My guitar strap… I don’t remember where I got it from, but it’s quite decorative, and I was proud to have such a colorful one. Not long after I got it, the cord that ties it to the guitar broke, but I was determined to keep that beautiful strap on my Yamaha. So, I bought some black shoelaces, braided them together, and tied that strap back on. And it’s never broken since.
When I was in Australia, I hadn’t touched a guitar in months, but when some friends and I had a conference at the beach, the guys brought their guitars. I couldn’t resist borrowing one, and at first, though I had forgotten how to play, until he explained that it was a classical guitar, with a wider neck. That was HARD to play! Then we switched guitars, and I was home free.
Once I was back in the States, at my first Seabrook conference, I didn’t bring my guitar, and we didn’t have a campfire. It was the first time in years that I hadn’t brought my guitar with me. I wasn’t sure I could or should or would play, when I got there. I hadn’t practiced, hadn’t played in months. In November, it happened again, but we DID have a campfire and it was very cold outside. I borrowed my friend’s guitar, shivered in my seat, while my friend held the flashlight so I could see my music, and I played cold turkey. And yes, since I wasn’t close enough to the fire to be really warm, you can take that description both ways. I was SO cold, and oh, my poor fingers hurt… but they knew what to do.
At the moment, my guitar case is collecting dust bunnies once more, but as May gets closer, I think I’d better get it out and practice some, so my fingers can adjust. I will never be able to play by ear, or play scales, and I may always have my issues with F#m, but I know what my guitar skills are for. They’re to be used when a group of fellow Christians and I gather around a campfire and want to praise the Lord. Then, with the occasional accompaniment (they do still request sons that I don’t have music for or can’t play, yet), we can sing our hearts out.

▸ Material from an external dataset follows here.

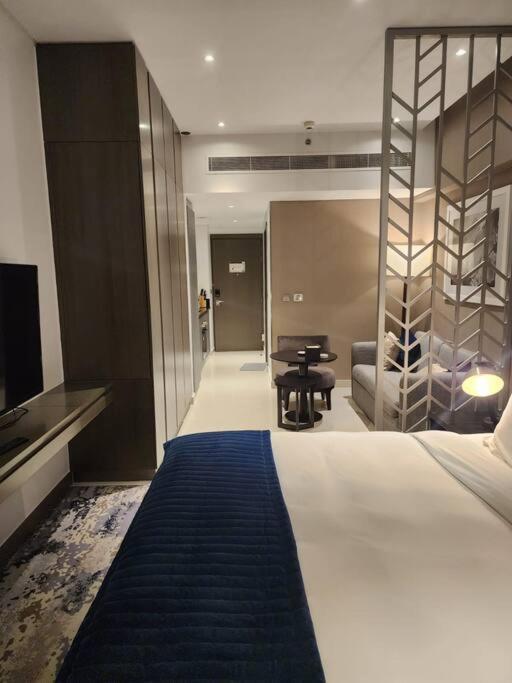 Lemodcasa - Modern Chic * Dubai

So, the next time a student seemingly “insults” my intelligence, age, or guitar skills, I’ll still have my inner chuckle over it. But I’ll probably still want to straighten them out (do you ever stop wanting to straighten out those that are younger than you?)… and resist, valiantly. It’s probably the fault of my work shirt, anyway. Guaranteed to add 10 years to the wearer, I promise you.